We may be reassured. The vast industrial and social system by which we are enveloped does not threaten to crush us, neither does it seek to rob us of our soul. The energy emanating from it is free not only in the sense that it represents forces that can be used: it is moreover free because, in the whole no less than in the least of its elements, it arises in a state that is ever more spiritualized. A thinker such as Cournot6 might still be able to suppose that the socialized group degrades itself biologically in terms of the individuals which comprise it. Only by reaching to the heart of the Noösphere (we see it more clearly today) can we hope, and indeed be sure, of finding, all of us together and each of us separately, the fullness of our humanity.

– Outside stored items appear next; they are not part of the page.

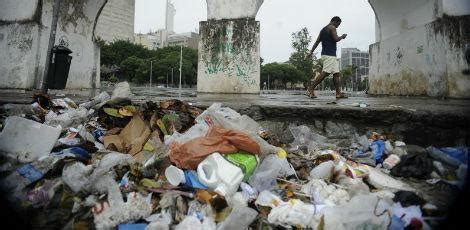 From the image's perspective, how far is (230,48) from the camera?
887 cm

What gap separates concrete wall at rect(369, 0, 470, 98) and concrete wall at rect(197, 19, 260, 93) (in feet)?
13.3

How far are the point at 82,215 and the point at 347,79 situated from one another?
60142mm

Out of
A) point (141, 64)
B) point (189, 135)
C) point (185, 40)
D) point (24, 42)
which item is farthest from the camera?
point (185, 40)

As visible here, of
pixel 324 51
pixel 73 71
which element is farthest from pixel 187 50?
pixel 324 51

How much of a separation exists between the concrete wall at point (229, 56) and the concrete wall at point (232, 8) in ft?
0.50

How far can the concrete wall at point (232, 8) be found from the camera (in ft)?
28.9

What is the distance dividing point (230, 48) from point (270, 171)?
6844 millimetres

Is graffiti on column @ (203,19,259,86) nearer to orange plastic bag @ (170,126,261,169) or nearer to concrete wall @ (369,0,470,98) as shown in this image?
concrete wall @ (369,0,470,98)

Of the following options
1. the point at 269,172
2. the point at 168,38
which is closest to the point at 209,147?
the point at 269,172

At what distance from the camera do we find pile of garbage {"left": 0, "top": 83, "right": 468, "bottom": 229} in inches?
75.1

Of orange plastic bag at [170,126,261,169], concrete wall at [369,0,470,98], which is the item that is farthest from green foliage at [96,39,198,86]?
orange plastic bag at [170,126,261,169]

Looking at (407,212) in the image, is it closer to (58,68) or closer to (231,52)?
(58,68)

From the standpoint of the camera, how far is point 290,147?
3.36 metres

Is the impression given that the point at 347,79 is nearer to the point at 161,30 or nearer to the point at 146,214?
the point at 146,214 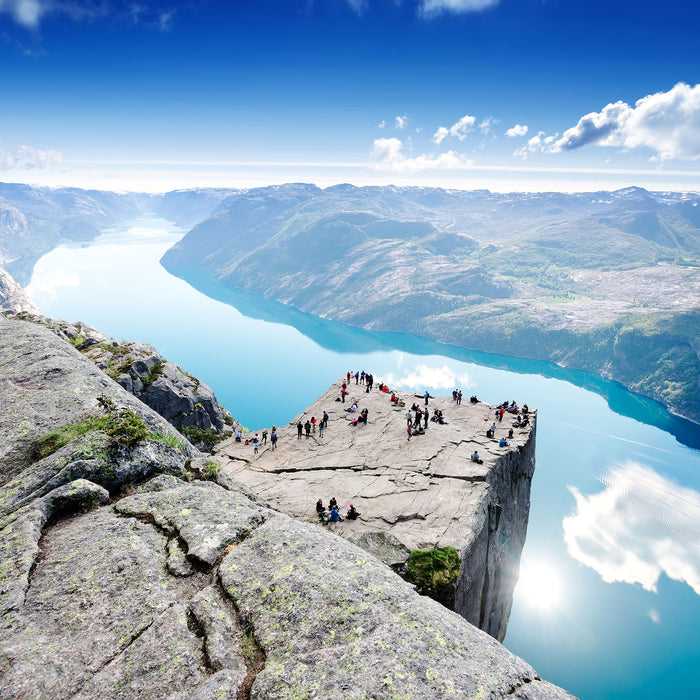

  1. This term, invented by Suess, is sometimes interpreted (Vernadsky) in the sense of the “terrestrial zone containing life.” I use it here to mean the actual layer of vitalized substance enveloping the earth.

  2. A small cynocephalus (baboon), born in captivity, will commit all kinds of blunders when set free (heredity of education). But in similar conditions a young otter, being put in the water, will at once know how to behave (chromosomic heredity). Cf. Eugene N. Marais, The Soul of the White Ant.

  3. Édouard Le Roy, Les Origines humaines et le Probleme de l’Intelligence.

  4. Lecture delivered in New York and published in the Scientific Monthly, 1940.

  5. George Gaylord Simpson, “The Role of the Individual in Evolution,” Journal of the Washington Academy of Sciences, vol. 31, no. 1, 1941.

  6. Cournot, Considérations sur la Marche des idées et des Événements dans les Temps modernes (Réédition Mentré. Vol. II, p. 178).